Backend Monitor

LocalAI provides endpoints to monitor and manage running backends. The /backend/monitor endpoint reports the status and resource usage of loaded models, and /backend/shutdown allows stopping a model’s backend process.

Monitor API

Method: GET
Endpoints: /backend/monitor, /v1/backend/monitor

Request

The request body is JSON:

Parameter	Type	Required	Description
`model`	`string`	Yes	Name of the model to monitor

Response

Returns a JSON object with the backend status:

Field	Type	Description
`state`	`int`	Backend state: `0` = uninitialized, `1` = busy, `2` = ready, `-1` = error
`memory`	`object`	Memory usage information
`memory.total`	`uint64`	Total memory usage in bytes
`memory.breakdown`	`object`	Per-component memory breakdown (key-value pairs)
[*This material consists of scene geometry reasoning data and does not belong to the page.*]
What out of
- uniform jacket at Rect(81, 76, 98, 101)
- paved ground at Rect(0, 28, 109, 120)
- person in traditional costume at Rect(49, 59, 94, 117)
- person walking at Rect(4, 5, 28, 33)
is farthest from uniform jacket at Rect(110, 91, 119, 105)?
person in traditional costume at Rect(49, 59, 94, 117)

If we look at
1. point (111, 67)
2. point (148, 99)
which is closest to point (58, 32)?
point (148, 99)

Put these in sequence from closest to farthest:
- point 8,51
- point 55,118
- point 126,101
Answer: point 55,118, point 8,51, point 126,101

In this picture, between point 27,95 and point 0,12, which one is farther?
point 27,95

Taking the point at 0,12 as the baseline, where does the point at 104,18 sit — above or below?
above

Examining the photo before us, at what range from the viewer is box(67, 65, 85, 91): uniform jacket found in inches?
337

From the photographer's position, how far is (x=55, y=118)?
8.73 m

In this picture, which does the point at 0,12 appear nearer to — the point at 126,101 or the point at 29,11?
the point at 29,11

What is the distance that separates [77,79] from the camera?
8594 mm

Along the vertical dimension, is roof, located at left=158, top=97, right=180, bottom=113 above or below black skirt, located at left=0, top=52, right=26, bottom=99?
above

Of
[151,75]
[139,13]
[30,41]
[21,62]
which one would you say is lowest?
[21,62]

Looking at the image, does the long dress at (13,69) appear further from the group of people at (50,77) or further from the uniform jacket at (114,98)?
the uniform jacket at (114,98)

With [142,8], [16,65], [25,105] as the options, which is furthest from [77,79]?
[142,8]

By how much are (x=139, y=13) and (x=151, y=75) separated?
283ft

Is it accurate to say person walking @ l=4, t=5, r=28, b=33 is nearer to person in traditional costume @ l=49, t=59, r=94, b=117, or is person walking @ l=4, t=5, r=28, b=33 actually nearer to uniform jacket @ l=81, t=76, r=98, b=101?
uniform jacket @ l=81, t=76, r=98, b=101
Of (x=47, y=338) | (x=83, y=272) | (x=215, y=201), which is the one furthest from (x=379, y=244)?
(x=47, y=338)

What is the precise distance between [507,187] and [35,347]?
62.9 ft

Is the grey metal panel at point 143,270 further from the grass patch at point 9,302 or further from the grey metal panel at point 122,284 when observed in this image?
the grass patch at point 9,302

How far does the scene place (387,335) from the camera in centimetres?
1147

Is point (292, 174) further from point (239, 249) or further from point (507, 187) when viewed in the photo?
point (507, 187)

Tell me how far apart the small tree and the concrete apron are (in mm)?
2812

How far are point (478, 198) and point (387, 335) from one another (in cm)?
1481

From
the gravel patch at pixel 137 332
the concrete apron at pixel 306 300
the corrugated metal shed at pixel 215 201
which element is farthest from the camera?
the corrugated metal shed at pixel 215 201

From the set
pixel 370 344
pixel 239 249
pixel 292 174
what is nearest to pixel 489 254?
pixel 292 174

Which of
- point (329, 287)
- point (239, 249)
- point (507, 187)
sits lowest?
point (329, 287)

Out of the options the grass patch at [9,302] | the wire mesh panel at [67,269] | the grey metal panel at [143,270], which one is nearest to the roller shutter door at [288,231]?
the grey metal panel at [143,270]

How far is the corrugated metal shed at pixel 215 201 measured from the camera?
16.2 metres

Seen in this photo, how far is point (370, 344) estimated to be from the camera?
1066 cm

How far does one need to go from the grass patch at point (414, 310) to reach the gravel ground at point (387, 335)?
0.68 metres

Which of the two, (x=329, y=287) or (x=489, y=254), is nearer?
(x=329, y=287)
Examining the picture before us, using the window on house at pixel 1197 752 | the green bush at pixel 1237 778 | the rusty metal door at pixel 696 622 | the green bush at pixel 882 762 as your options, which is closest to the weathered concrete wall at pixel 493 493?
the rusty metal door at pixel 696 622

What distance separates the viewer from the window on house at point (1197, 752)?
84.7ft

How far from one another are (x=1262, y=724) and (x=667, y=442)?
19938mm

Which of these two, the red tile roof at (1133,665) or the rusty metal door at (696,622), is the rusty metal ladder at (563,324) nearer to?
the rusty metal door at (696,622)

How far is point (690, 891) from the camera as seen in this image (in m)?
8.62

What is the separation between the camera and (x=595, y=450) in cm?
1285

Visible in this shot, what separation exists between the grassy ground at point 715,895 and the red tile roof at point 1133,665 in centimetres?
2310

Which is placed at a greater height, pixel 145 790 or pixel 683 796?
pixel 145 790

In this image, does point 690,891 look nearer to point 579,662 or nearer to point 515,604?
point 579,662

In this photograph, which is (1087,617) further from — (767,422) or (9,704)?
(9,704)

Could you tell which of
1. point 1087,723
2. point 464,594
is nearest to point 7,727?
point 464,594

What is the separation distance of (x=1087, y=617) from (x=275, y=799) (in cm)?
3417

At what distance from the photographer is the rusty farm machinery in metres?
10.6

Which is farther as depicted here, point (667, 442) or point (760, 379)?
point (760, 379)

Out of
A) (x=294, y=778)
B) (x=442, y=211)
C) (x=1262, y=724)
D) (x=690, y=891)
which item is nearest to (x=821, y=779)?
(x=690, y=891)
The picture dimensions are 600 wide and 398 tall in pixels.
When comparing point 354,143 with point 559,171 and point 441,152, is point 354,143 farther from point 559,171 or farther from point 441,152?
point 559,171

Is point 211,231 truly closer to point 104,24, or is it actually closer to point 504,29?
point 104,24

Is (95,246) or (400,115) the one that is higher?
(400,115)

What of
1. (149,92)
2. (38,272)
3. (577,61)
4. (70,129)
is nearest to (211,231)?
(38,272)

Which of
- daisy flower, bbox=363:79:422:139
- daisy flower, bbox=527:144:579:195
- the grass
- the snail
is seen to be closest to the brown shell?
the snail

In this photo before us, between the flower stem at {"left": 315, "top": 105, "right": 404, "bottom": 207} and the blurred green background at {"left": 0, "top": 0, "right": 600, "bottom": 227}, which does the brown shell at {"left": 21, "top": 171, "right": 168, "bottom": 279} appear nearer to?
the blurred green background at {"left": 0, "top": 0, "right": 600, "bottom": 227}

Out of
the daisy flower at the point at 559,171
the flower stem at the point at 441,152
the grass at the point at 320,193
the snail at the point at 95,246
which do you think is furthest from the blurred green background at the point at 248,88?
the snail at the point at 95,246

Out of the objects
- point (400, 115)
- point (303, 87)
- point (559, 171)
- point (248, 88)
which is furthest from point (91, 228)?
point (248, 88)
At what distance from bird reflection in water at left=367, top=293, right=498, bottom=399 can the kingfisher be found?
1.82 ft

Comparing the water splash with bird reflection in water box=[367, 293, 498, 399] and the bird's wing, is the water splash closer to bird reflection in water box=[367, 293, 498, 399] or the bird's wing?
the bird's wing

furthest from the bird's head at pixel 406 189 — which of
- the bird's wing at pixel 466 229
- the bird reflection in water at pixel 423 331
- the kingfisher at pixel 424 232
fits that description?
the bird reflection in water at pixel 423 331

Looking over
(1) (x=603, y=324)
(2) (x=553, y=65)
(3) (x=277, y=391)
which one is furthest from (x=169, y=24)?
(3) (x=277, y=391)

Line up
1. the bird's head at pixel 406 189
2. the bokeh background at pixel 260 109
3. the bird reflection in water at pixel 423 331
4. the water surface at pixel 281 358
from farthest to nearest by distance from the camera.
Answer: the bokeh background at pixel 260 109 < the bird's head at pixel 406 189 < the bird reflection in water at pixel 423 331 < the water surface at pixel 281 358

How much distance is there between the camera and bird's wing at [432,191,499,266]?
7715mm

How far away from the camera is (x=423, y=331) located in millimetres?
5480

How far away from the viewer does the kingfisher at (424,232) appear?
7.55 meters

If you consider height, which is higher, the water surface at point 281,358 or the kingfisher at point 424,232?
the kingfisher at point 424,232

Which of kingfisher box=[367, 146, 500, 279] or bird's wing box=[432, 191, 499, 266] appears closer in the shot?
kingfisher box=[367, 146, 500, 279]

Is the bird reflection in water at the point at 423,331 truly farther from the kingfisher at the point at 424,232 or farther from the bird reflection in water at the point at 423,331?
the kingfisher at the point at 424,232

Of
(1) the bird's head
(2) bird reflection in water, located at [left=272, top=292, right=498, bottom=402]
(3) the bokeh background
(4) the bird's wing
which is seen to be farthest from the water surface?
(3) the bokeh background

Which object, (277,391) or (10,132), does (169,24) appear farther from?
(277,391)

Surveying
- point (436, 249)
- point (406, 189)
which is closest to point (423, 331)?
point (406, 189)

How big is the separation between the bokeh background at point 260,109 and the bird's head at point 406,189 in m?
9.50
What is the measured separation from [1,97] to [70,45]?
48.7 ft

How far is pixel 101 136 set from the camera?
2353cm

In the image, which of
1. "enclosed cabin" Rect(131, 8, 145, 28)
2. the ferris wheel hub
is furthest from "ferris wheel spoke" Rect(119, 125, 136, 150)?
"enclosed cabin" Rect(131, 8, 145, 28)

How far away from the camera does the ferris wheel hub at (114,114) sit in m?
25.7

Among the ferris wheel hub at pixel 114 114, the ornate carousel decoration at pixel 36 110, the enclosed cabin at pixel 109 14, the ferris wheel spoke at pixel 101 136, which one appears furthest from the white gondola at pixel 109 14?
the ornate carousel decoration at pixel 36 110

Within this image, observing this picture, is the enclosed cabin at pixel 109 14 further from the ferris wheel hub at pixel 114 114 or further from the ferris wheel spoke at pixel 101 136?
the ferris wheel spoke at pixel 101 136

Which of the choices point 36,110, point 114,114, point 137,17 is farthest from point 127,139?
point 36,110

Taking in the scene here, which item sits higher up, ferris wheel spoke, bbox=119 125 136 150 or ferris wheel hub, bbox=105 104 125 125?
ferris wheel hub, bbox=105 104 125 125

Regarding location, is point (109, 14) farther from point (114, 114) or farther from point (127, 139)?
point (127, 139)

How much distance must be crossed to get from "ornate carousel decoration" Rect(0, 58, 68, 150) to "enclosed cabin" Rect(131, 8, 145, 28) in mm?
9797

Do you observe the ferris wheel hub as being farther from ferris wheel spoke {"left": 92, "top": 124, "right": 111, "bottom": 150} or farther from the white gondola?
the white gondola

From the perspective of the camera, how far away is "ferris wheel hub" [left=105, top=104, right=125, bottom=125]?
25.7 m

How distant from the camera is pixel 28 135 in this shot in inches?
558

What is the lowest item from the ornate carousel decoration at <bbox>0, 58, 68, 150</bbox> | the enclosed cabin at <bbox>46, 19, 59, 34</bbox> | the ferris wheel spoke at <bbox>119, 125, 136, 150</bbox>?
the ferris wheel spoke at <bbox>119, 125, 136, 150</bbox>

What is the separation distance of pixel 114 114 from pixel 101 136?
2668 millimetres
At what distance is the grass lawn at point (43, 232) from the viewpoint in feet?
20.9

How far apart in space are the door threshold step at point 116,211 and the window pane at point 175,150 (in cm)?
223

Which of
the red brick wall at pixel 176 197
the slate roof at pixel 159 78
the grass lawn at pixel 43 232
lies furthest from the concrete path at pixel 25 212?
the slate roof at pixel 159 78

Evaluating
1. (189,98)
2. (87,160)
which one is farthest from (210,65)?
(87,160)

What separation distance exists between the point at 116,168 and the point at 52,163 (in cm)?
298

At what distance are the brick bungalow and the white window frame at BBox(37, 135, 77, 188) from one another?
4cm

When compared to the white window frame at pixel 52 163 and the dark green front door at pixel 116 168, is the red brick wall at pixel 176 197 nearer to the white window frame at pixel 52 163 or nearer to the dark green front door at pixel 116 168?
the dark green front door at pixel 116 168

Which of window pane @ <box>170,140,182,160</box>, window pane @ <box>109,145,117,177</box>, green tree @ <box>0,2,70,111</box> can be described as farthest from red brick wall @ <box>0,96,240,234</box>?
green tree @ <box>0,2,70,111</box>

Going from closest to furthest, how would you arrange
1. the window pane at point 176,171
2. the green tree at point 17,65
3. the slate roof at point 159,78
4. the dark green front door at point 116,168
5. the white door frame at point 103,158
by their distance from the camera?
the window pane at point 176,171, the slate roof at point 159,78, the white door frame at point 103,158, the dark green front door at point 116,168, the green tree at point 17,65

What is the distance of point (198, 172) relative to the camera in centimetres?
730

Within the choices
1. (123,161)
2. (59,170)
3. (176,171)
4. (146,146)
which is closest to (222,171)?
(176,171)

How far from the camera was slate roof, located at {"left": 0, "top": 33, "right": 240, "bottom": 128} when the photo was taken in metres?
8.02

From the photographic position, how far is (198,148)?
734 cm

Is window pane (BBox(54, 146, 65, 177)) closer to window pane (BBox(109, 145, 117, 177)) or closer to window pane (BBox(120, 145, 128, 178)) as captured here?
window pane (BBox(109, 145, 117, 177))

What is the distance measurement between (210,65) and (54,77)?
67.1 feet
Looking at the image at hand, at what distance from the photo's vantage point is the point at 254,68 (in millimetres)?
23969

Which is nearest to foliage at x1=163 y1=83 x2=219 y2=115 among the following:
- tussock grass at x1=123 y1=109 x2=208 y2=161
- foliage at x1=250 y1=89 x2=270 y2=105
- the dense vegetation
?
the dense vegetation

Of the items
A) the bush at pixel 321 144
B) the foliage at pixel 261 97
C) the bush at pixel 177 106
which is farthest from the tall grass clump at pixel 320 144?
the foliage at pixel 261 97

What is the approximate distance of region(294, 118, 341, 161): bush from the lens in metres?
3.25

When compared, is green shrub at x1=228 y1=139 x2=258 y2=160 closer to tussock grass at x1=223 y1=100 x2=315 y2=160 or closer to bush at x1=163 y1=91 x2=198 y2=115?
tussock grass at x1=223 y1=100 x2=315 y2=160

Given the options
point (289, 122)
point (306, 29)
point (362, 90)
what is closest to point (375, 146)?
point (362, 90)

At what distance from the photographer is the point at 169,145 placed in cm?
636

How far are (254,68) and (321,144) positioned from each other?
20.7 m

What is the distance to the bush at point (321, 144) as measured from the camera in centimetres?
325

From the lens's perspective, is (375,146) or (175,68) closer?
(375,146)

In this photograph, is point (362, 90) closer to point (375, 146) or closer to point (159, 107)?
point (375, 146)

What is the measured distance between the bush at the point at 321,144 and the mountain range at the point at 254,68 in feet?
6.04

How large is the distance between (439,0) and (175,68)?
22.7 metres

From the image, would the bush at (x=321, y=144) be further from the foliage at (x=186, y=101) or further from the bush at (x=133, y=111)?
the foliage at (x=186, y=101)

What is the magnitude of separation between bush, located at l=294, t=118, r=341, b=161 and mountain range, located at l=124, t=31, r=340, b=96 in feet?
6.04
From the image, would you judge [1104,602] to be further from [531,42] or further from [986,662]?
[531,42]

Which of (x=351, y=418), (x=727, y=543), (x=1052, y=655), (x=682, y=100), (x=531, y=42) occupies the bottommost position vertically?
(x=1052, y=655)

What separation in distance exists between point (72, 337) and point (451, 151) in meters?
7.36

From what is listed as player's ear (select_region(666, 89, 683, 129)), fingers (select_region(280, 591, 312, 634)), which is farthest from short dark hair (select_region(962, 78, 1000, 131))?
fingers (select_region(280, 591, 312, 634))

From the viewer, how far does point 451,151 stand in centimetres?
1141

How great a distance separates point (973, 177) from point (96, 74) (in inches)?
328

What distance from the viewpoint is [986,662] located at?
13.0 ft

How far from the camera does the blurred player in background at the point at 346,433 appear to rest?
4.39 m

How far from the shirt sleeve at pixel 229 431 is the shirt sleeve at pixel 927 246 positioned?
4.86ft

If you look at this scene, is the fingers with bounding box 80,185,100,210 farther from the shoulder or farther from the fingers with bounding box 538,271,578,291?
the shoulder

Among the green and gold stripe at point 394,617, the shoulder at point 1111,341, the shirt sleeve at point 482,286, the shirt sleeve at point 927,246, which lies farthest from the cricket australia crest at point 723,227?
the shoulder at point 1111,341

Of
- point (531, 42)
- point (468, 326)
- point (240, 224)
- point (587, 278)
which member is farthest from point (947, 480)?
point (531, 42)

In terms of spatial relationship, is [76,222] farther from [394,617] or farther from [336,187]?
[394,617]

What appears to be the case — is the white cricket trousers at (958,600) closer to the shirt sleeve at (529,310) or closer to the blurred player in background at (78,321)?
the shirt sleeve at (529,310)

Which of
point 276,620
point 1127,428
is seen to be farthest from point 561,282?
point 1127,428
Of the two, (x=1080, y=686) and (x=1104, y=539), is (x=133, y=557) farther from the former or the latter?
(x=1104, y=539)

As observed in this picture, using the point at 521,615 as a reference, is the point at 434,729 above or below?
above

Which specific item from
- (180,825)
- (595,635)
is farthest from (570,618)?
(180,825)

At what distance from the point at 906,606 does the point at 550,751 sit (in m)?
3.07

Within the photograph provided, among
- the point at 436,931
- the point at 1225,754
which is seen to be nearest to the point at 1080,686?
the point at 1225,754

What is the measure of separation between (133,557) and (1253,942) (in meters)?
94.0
If the gRPC status call fails, the endpoint falls back to local process metrics:

Field	Type	Description
`memory_info`	`object`	Process memory info (RSS, VMS)
`memory_percent`	`float`	Memory usage percentage
`cpu_percent`	`float`	CPU usage percentage

Usage

curl http://localhost:8080/backend/monitor \
  -H "Content-Type: application/json" \
  -d '{"model": "my-model"}'

Example response

{
  "state": 2,
  "memory": {
    "total": 1073741824,
    "breakdown": {
      "weights": 536870912,
      "kv_cache": 268435456
    }
  }
}

Shutdown API

Method: POST
Endpoints: /backend/shutdown, /v1/backend/shutdown

Request

Parameter	Type	Required	Description
`model`	`string`	Yes	Name of the model to shut down

Usage

curl -X POST http://localhost:8080/backend/shutdown \
  -H "Content-Type: application/json" \
  -d '{"model": "my-model"}'

Response

Returns 200 OK with the shutdown confirmation message on success.

Error Responses

Status Code	Description
400	Invalid or missing model name
500	Backend error or model not loaded